We live in an increasingly unequal world. You don’t have to go far to notice how unequal we are becoming. For instance, check your local church annual tithe report and see the income inequality between members. Thank God for those big givers who give in a month more than what some other families earn in a year. Thank God? Yes, for there are many rich people who are miserly at giving to the church. But still it leaves a very unpleasant feeling that one tenth of the monthly income of some people should be way higher than the entire annual income of some other families in the same church. The gap is increasing rapidly. The richest 20% of the world now earns 86% of the world’s income and consumes 80% of its resources. India’s booming economy with scores of billionaires is home to the most number of malnourished children, more than that of Sub-Saharan Africa. But we are so used to it that we hardly notice it anymore and it takes a tourist to be appalled by the poverty in our country. If you care to look, there are needy people all around us. There’s the beggar on the street. Closer home, each of us probably has family relatives and dear ones who are poor. It may be your aunty in the village or your childhood best friend who dropped out. Try sharing the tussle in your brain - whether you should go for a Nokia C5 or a Lumia 800 - with this aunty in the village who lives a hand to mouth life. The irony will show.

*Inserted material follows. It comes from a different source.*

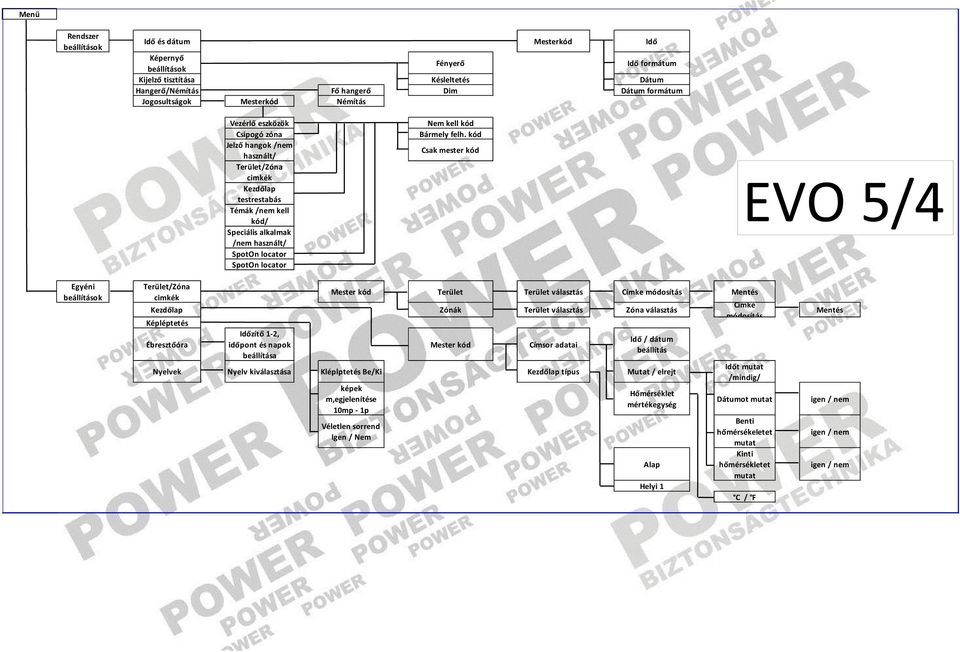 kód Csak mester kód 5/4 Egyéni Terület/Zóna Terület módosítás Mentés Kezdőlap Zónák Zóna választás Képléptetés Ébresztőóra Időzítő 1-2, időpont és napok beállítása Címsor adatai Idő / dátum beállítás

The Bible says that the love of money is the root of all evil, but it does not say money per se is the root. What about too much wealth? In that case, will possession of wealth in itself be wrong? What if such wealth is gained by fair means? Does that justify the possession of huge amount of wealth? When we look at it ‘relationally’, possession of too much money even if by fair means seems problematic. For example, if we build ourselves palaces to live in when we are surrounded by thousands who live in slums, it’s very difficult to claim that we have love. I’m not against prosperity. God wants his creation to prosper. But prosperity needs to be inclusive. Jesus commanded us to love our neighbor as ourselves. We need to think deeply what that command entails, involves, includes, contains, implies, intends, signifies; i.e. to love our neighbor just the way we love and take care of ourselves.

There are a lot of people who blame the poor for their poverty. Some people only feel sorry for them and wish them well. God has compassion for them. He stands for them, by them and with them. As Christians, it is not enough that we feel pity for the poor, but we should look for ways in which we can help reduce poverty and stand in solidarity with the poor. One way to do that is by inculcating moderation as a habit: having a limit, an ‘Enough’ in life. Even if we can live lavishly, we need to be mindful of the people we live in this earth with and the limited resources we all share. In our consumerist society, we are encouraged to buy stuffs that we don’t need. The 500 billion dollar advertisement industry confuses our wants with our needs and we always find ourselves in ‘need’ of that next product. When the world faces economic downturn, we are encouraged to buy our way out by spending money that we don’t have yet.  We are enticed to ‘Buy now and pay later’. In our society’s single minded pursuit of wealth somewhere, we need to learn to draw the line and say ‘enough is enough’. As for me and my house, this much will do.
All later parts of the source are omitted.